> [What you need to do] Without copying any picture, transcribe exactly the lines of the data below from the one containing "Casaco em pele verdadeira" through the one containing "stack of blue".

***** Data shown

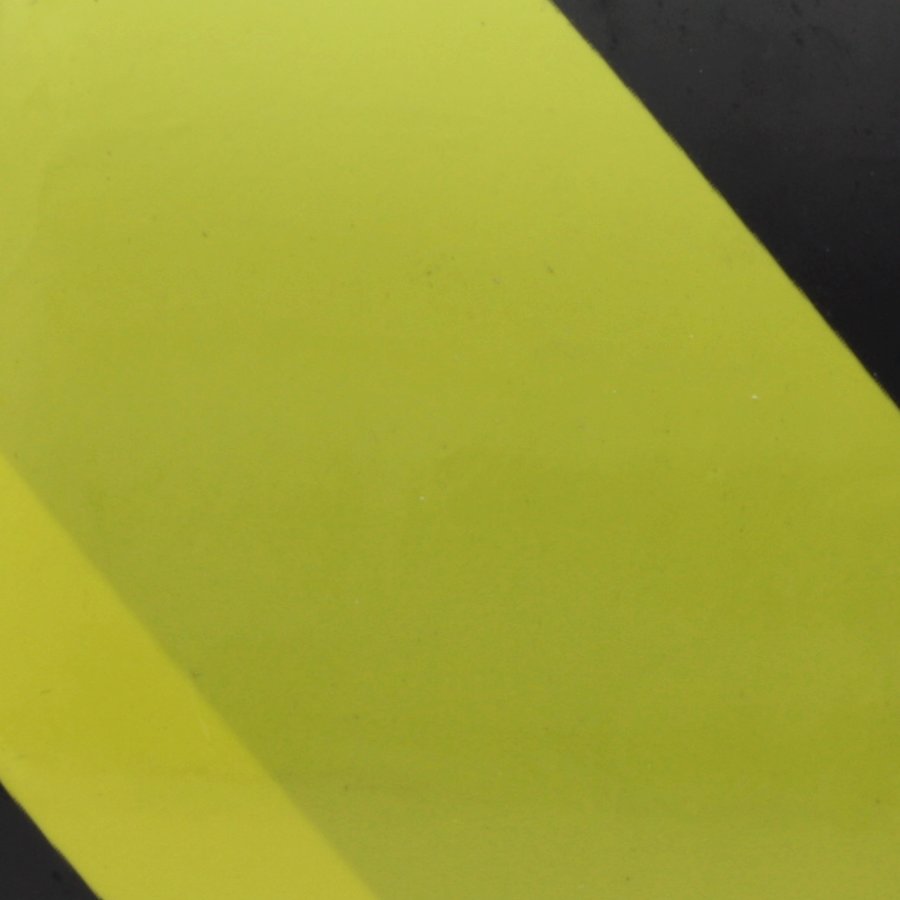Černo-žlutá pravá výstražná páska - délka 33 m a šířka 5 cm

**********
***** Data shown

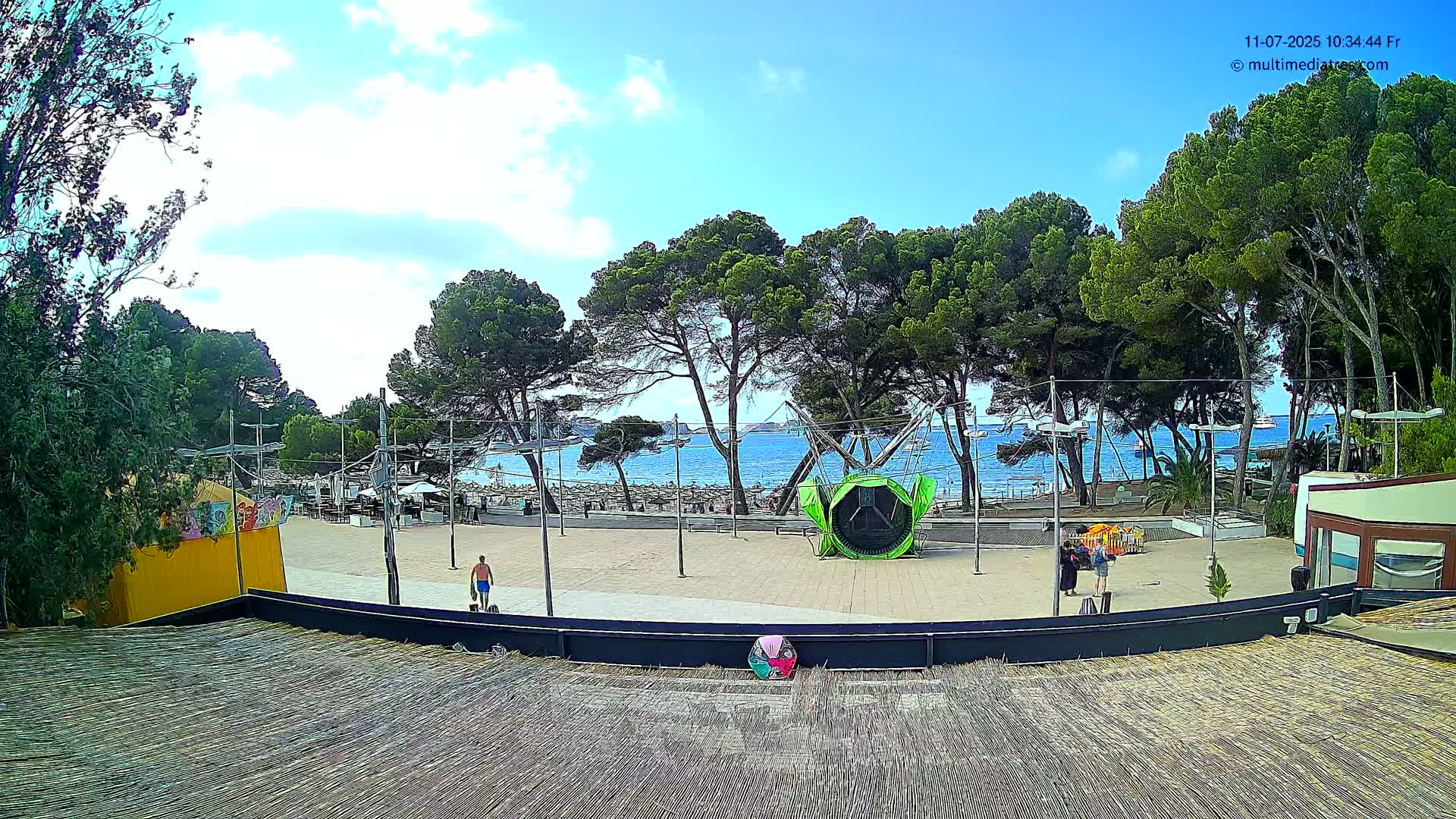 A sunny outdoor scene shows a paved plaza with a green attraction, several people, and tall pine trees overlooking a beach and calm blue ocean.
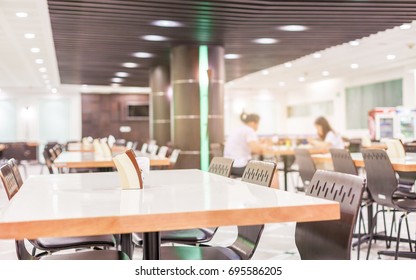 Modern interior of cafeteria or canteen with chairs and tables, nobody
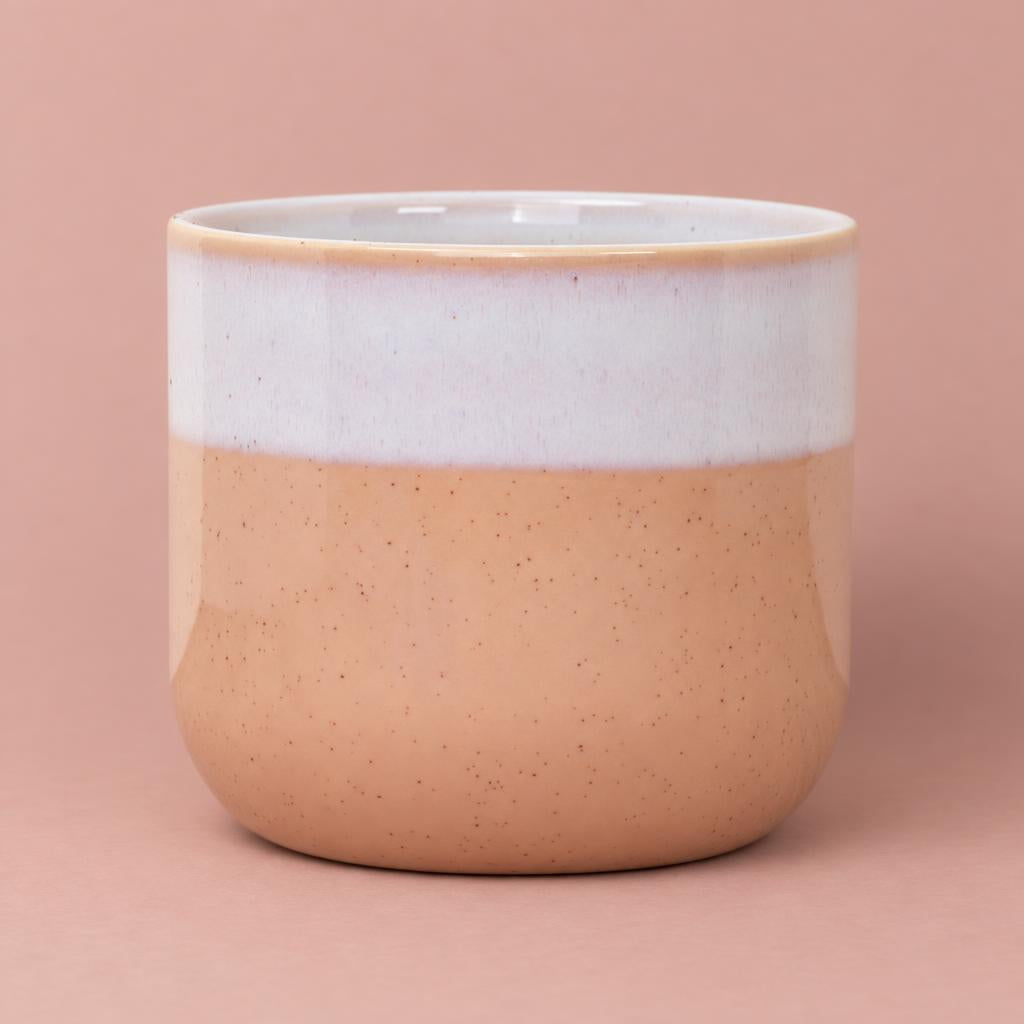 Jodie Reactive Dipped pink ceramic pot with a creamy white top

**********
***** Data shown

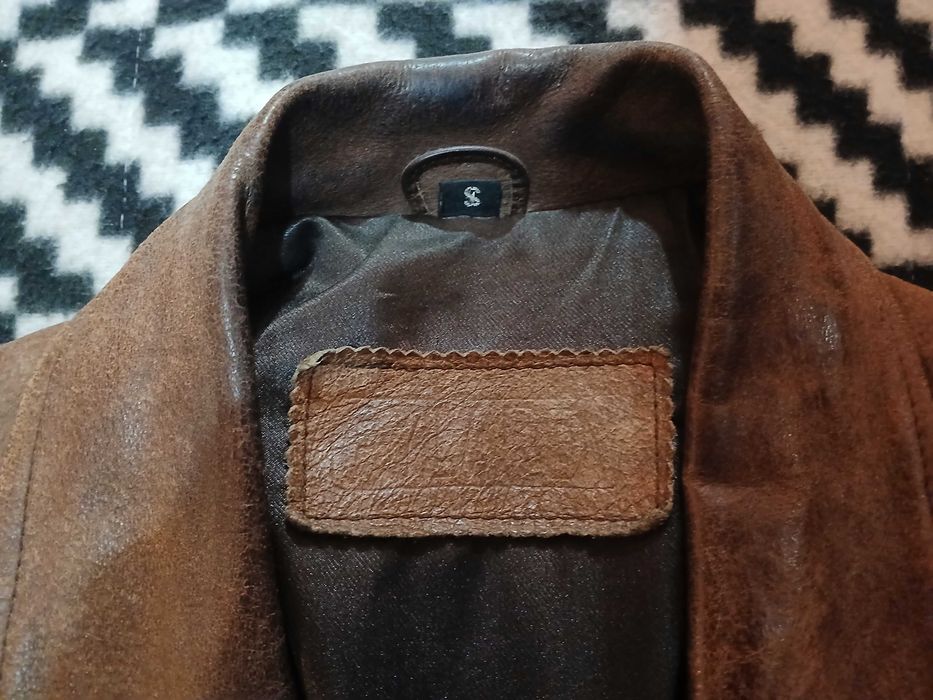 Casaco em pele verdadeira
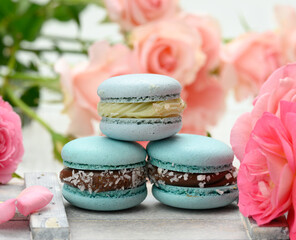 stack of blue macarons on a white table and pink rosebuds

**********

> [Task result]
 Casaco em pele verdadeira
 stack of blue macarons on a white table and pink rosebuds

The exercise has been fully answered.